WASHINGTON, D.C. – The Office of the Assistant Secretary for Indian Affairs announced proposed revisions to the federal regulations at 25 C.F.R. Part 226 regarding leasing of the Osage Mineral Estate for oil and gas mining. The proposed revisions reflect modern industry standards, advances in technologies and changes to operations within the Osage Mineral Estate since the last substantive revision to the regulations in 1974. The proposed revisions make Osage Mineral Estate energy growth consistent with operations across Indian Country.
“The federal government has a trust responsibility to administer the Osage Mineral Estate,” said Assistant Secretary for Indian Affairs Bryan Newland. “These proposed revisions secure this special trust asset of the Osage Nation for generations to come through accountability and best industry practices.

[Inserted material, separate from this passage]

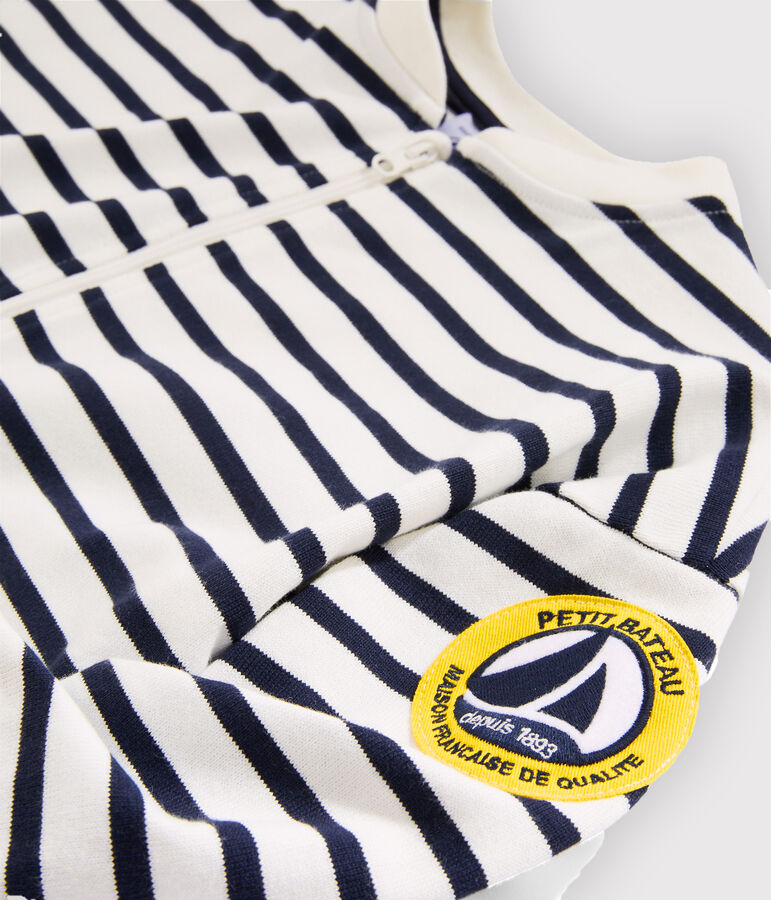 Cardigan enfant gar&ccedil;on blanc MARSHMALLOW/bleu SMOKING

We look forward to consulting with the Osage Nation and Osage Minerals Council on how we can best fulfill that obligation through this regulation.”

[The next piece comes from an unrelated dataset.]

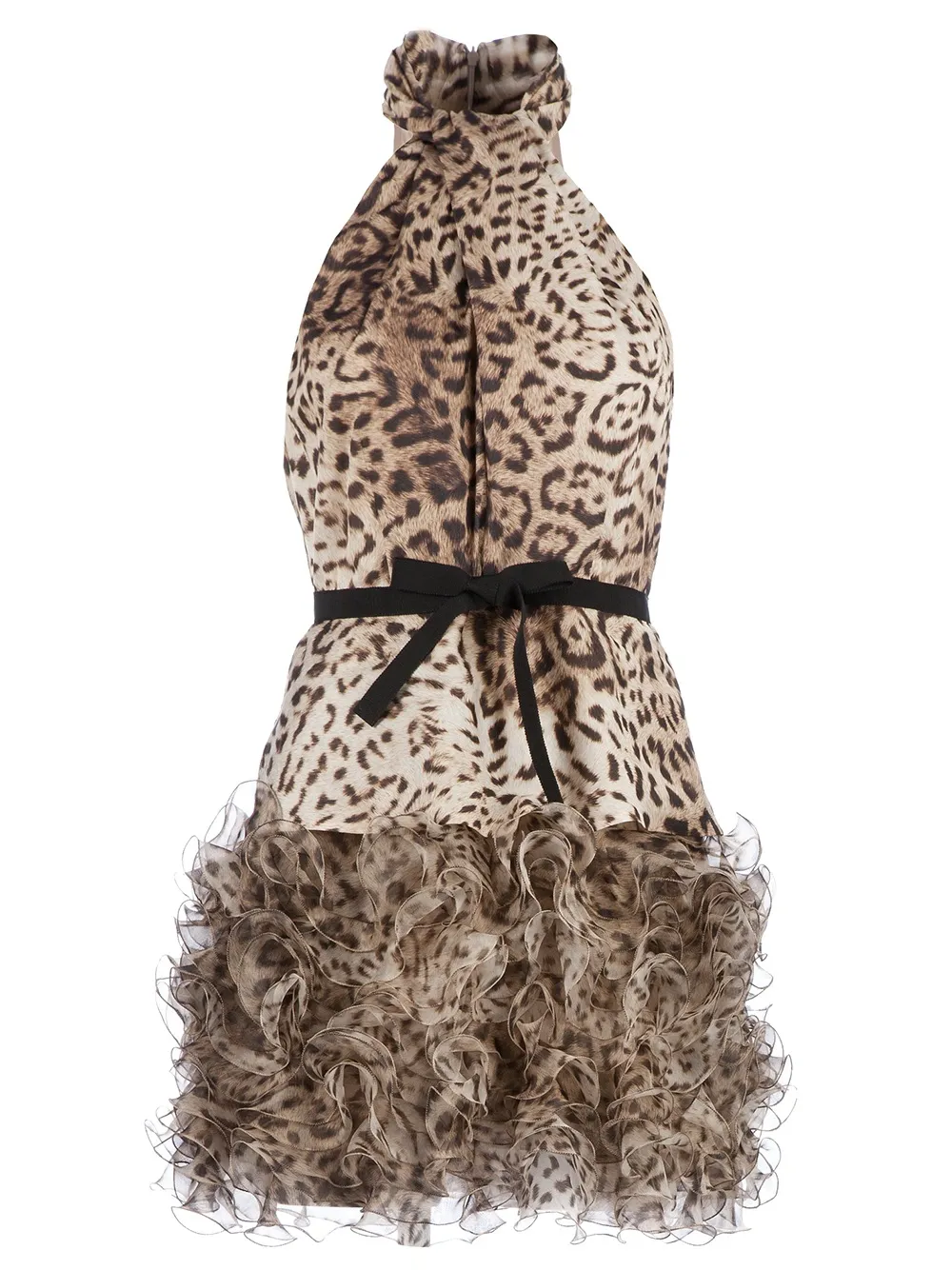 

Платье с леопардовым принтом и оборками Giambattista Valli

The proposed regulations would:
- Update bonding requirements to better protect the Osage Nation in cases of operator default, which would also reduce the proliferation of abandoned and orphan wells.
- Update the settlement values of oil and gas for royalty purposes to promote consistency in production valuation, prevent lessees and purchasers from engaging in price manipulation, and ensure that the Osage Nation receives the full value of its oil and gas.
- Require royalty and production reports to be submitted to the Office of Natural Resources Revenues (ONRR) using ONRR’s eCommerce reporting system and include all other provisions necessary for ONRR to assume the Bureau of Indian Affairs Osage Agency’s royalty management program.
- Impose detailed requirements for oil and gas measurement to improve production accountability, including through the incorporation by reference of relevant standards.
- Align assessments and civil penalties under the regulations with those imposed for the same violations throughout the rest of Indian Country.
The Department of Interior will conduct an in-person public meeting to obtain input from stakeholders on the proposed regulations, and also accept written comments from the public through Mar. 17, 2023.